Thursday 10 March 2011

Its jungles are home to the orangutan, a huge tourist draw - and there's plenty more where that came from. Joanna Booth reports
Orangutan mother in Borneo
It wouldn’t make a great ‘lonely hearts’ advert: ‘Ginger. Hairy, bulky body. Long arms, short legs. No tail. Seeking fun with fruit. GSOH.”
However unattractive they sound on paper, in person, orangutans are irresistible. Every year thousands of tourists feel the draw of these great apes and head to Borneo, the large island in the South China Sea that is one of the only places they can be found.
Orangutans may be the headline act, but Borneo has plenty more wildlife to offer including pygmy elephants, macaques, monitor lizards, huge-beaked hornbills, and comically droopy-nosed proboscis monkeys.
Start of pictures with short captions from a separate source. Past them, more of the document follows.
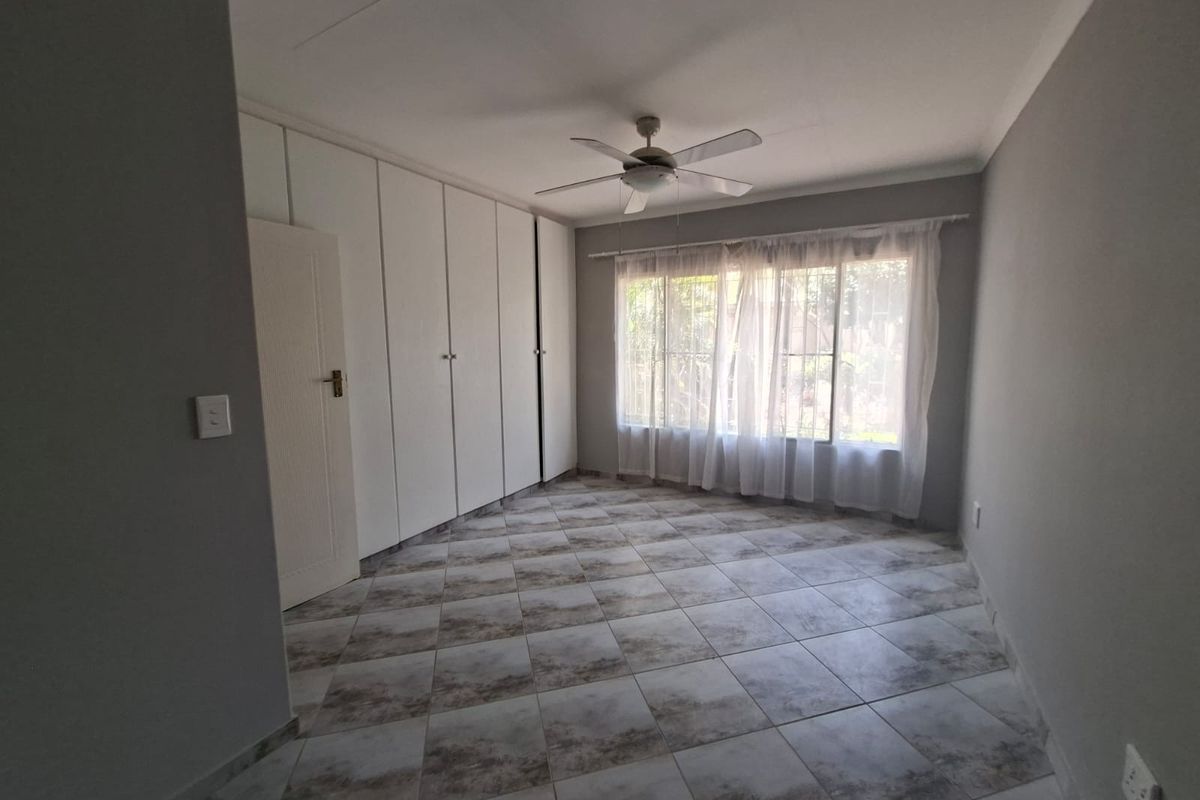 A bright, empty bedroom featuring neutral tiled flooring, built-in cupboards, and a ceiling fan, offering a clean canvas for personalization.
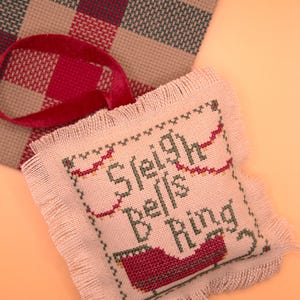 以下が含まれることがあります： フリンジの付いたピンクの布製のオーナメントで、"Sleigh Bells Ring"とクロスステッチで書かれています。オーナメントは赤と緑の糸で飾られており、赤いベルベットのリボンが付いています。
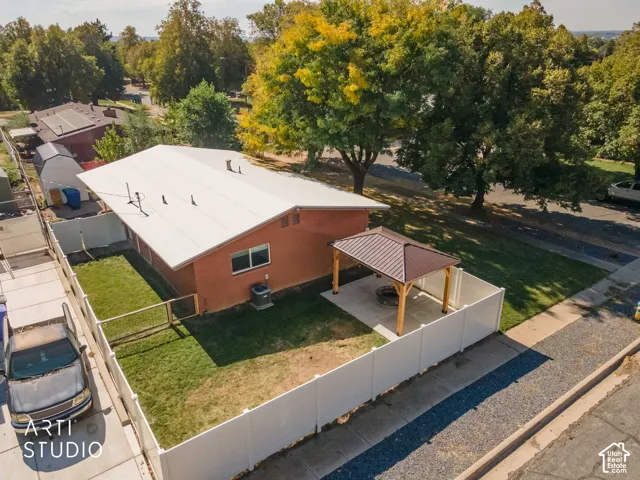 Fenced backyard featuring a covered patio structure, concrete pad, and a fire pit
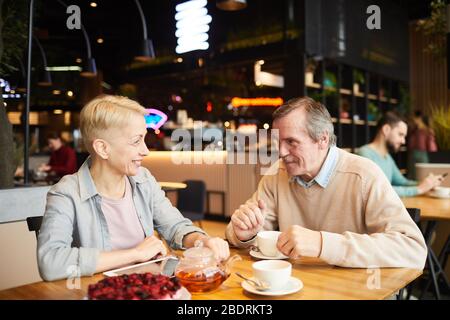 Couple d'âge mûr profitant de la tasse de thé et de parler les uns avec les autres tout en ayant une date dans le café Banque D'Images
Turtles nest year-round and the rich reefs produce beautiful corals and teem with brightly coloured fish.
There’s culture too; from the thriving city of Kuching, full of mosques, temples and colonial buildings, to the remote villages of the Iban jungle tribes, where visitors can stay in traditional long-houses.
Though Borneo is just one island, there are three countries in it. The lion’s share of the north belongs to Malaysia. The states of Sabah and Sarawak are the most developed for tourism and the most visited from the UK. Also in the north lies the tiny, oil-rich state of Brunei, easily visited from Malaysian Borneo.
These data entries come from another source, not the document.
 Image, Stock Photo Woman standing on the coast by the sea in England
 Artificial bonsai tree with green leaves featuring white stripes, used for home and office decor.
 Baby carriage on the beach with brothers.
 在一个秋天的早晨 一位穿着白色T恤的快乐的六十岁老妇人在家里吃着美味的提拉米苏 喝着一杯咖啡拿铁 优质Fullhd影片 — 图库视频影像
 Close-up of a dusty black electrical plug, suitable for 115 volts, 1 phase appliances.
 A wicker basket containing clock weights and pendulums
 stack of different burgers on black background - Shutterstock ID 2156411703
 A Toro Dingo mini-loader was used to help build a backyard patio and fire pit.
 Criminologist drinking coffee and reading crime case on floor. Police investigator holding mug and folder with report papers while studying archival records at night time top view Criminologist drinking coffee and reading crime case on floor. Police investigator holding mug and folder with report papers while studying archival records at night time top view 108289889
The great southern mass of the country belongs to Indonesia. Remote, and divided from the north by huge mountain ranges, it’s less visited by UK travellers. A lack of road and air links make it time-consuming and inconvenient to travel between Malaysian and Indonesian Borneo, so recommend clients don’t try.

Sabah

For short trips, Sabah has much of what travellers look for from a Borneo adventure. The capital city, Kota Kinabalu, is accessible by air from Kuala Lumpur, and is one of the major tourist gateways into Borneo. Sabah’s most popular upmarket beach hotels, the Nexus Resort Karambunai and two Shangri-La resorts, the Tanjung Aru (see below) and the Rasa Ria, aren’t far from Kota Kinabalu.
The Sepilok Orangutan Sanctuary near Sandakan is a must-see as visitors can get relatively close to orphaned and rescued orangutans. Feeding times are 10am and 2.30pm.
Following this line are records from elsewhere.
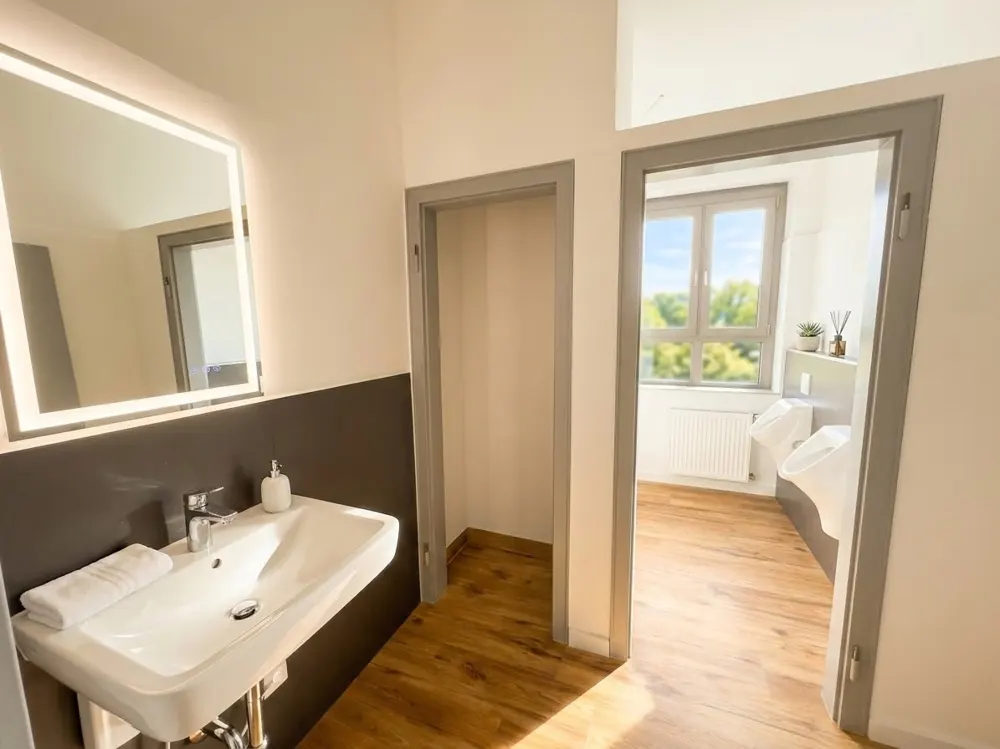 Modern bathroom with a white sink, illuminated mirror, and a doorway leading to a room with two urinals and wood flooring.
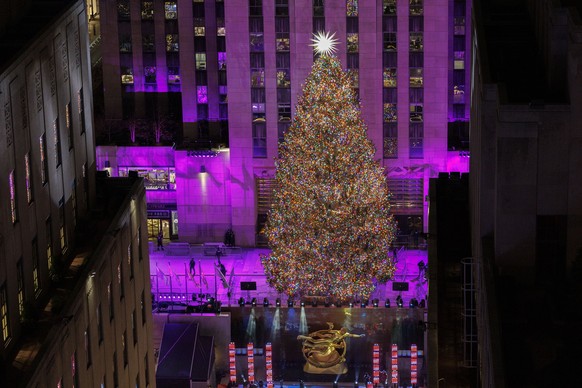 epa11002800 The Rockefeller Christmas Tree is lit for the first time this season during the 91st lighting ceremony in New York, New York, USA, 29 November 2023. The 80-foot Norwegian spruce has about  ...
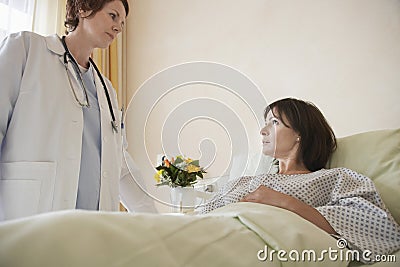 Doctor By Patient In Hospital Bed Stock Photo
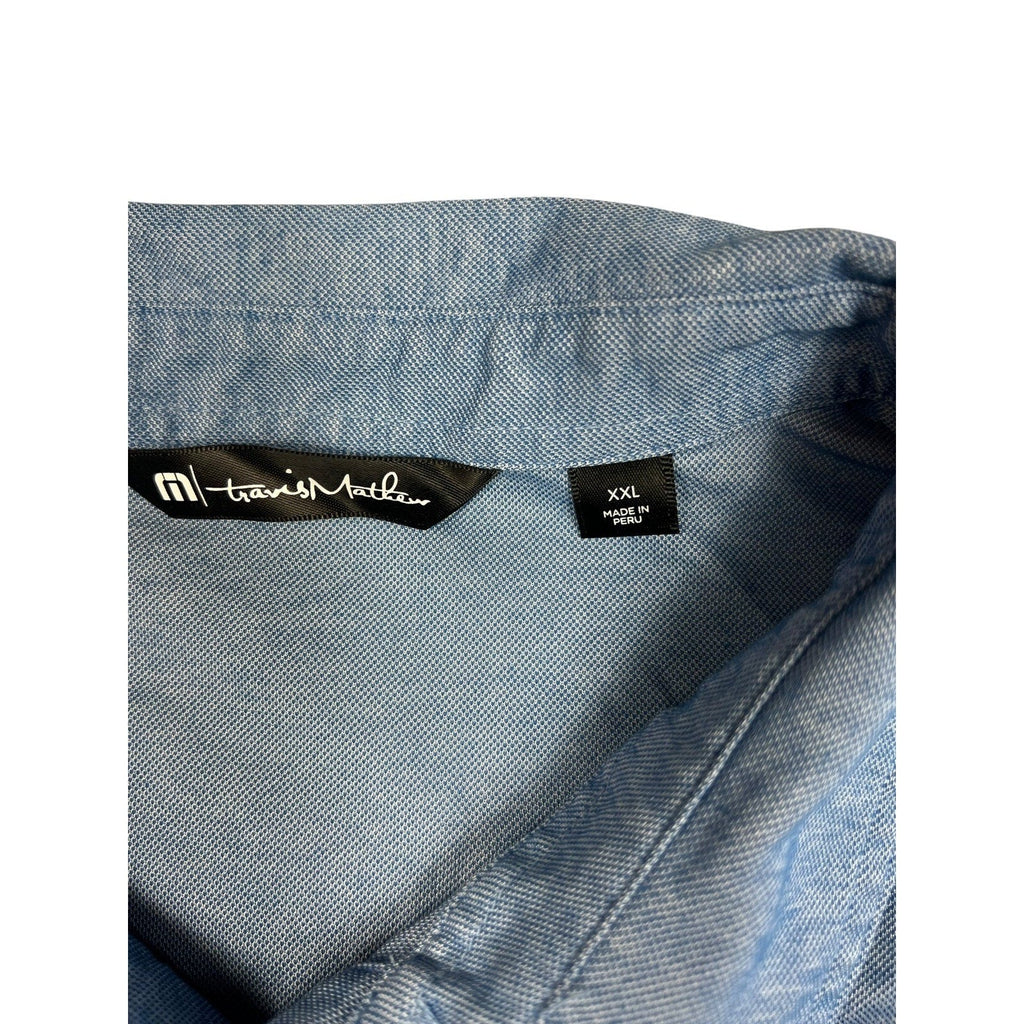 Second Half Supply Co, LLC TravisMathew heathered blue polo shirt collar with XXL size tag and brand label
Many visitors take river cruises down the Kinabatangan River between Sandakan and Sukau, where they’ve a good chance of spotting proboscis monkeys, pygmy elephants, macaques and hornbills.
Giant lilies in Sabah, Borneo
To be in with a good chance of seeing the apes in the wild, clients should visit the Danum Valley. The huge basin is a conservation area, and there’s a 40-metre-high canopy walkway through the trees, giving a bird’s-eye view of the wildlife, which also includes gibbons and even the rare clouded leopard. Tours are organised by the only resort, the Borneo Rainforest Lodge, which has comfortable chalets overlooking a river valley.
The Kinabalu National Park is 56 miles outside of the city, and is home to Mount Kinabalu. At 4,095 metres it is southeast Asia’s highest peak. The climb, which takes two days, isn’t for the faint-hearted.
Off Sabah’s coast are beautiful islands. Turtle Island, as Selingan is often known, is the hub of the ecotourism industry. Visitors go to the island in the afternoon, enjoy the beaches and then stay in basic accommodation overnight. Once night falls, tourists will be allowed to watch a hawksbill or green turtle laying its eggs.
Sipadan Island, a slim limestone pillar reaching 700 metres from the sea floor, is a diver’s paradise. Clients might see tens or even hundreds of turtles, barracuda, reef sharks and bumphead parrotfish.